The story shifts two generations into the future to tell the story of Jesse’s daughter Louise Bentley, her husband John Hardy, and their son (Jesse’s grandson) David Hardy. David’s childhood has been unhappy thus far, as Louise’s bad temper, erratic behavior, and rumored substance abuse problem take a toll on his parents’ marriage. He attempts to run away to his grandfather’s farm, the only place where he feels safe and content. When David returns home, Louise is uncharacteristically affectionate toward him, holding him in her arms and weeping.
Although Jesse Bentley has been portrayed as a severe, pious man up until this point in the novel, his grandson David feels so lonely and mistreated at home that he views his grandfather’s farm as an oasis. Though not outright explained, it is implied that Jesse’s daughter Louise has lived a troubled life that has embittered her and caused her to resent motherhood.
When David is twelve years old, Jesse demands that his grandson come live with him on the Bentley farm. Louise surprisingly allows David to go without a fight. She comments that David will be better off without her and that although the farm was “like poison” to her and Jesse never wanted her there when she was growing up, it will be a good place for her son. David’s departure creates a “sharp break” in Louise’s life and John is content that his wife’s temper has calmed down in their son’s absence. David’s presence lightens the farm’s oppressive atmosphere, particularly for David’s great-aunt who becomes his caretaker.
Louise’s reflection that the environment of the Bentley farm was “like poison” implies the negative effects that her father’s influence had on her upbringing. Despite her mistreatment of David, Louise’s willingness to let him live with his grandfather is a selfless act. Rather than being distraught over the loss of her son, his absence ultimately creates a healthier atmosphere for both Louise and David.
At fifty-five, Jesse has been an extremely successful farmer and has acquired most of the land in the valley, but he still feels discontented. He regrets the years he spent making his farm more productive and instead longs for more noble, meaningful pursuits that would glorify God. Jesse recognizes that he is possessed by greed and finds it increasingly difficult to focus on his personal relationship with God. His faith is only renewed when David comes to live on the Bentley farm. Jesse has spent most of his adult life disappointed that his only child is a daughter and feels that his grandson’s arrival has finally answered his prayers for a son.

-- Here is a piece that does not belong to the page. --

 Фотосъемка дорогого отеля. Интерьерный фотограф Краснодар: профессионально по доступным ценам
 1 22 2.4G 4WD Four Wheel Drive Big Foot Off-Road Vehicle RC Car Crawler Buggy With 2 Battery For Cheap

Despite gaining wealth and prosperity over the years, Jesse’s greed prevents him from being satisfied with what he has. While Christianity traditionally condemns gluttony and envy, Jesse struggles to overcome his insatiable desire to expand the farm. As a result, he struggles to maintain a close connection with God. The newfound presence of Jesse’s grandson David is his only hope for restored faith, as he believes that the curse of having a daughter as his only child has finally been broken.
Jesse soon becomes fixated on his old vision of serving God. One day, he brings David out into a clearing in the woods that reminds him of where the biblical figure of David tended sheep. Jesse beings to fervently pray and plead with God to make His presence known. David is terrified by this outburst, believing that his grandfather has been possessed by a dangerous force. In his panic, David falls and cuts his head. On the buggy ride home, Jesse is upset and questions why God does not approve of him.

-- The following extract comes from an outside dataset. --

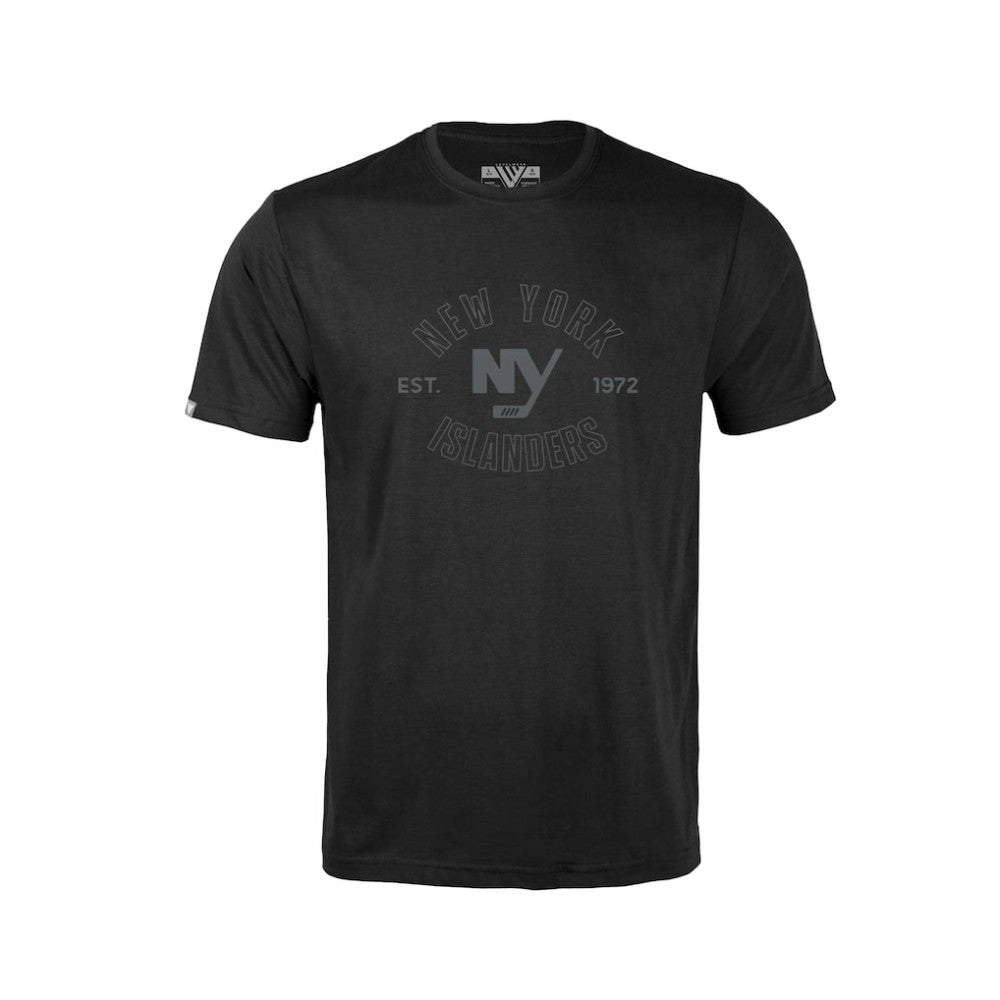 NHL New York Islanders Levelwear Youth Little Richmond Abyssal T-Shirt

The relationship between Jesse and David parallels the biblical figures of the same name—Jesse was a farmer and shepherd and his son David was a king who killed Goliath, the champion of the Philistines. As Jesse Bentley views the other farmers in Ohio as philistines and traitors, he hopes that David will take over his legacy and conquer those he perceives to be enemies of God. While Jesse is wholly possessed by a perception of himself and David as holy servants, his expression of this vision only serves to confuse and terrify his grandson. Rather than seeing the error of his ways and reevaluating his outlook, Jesse assumes that God must be punishing him.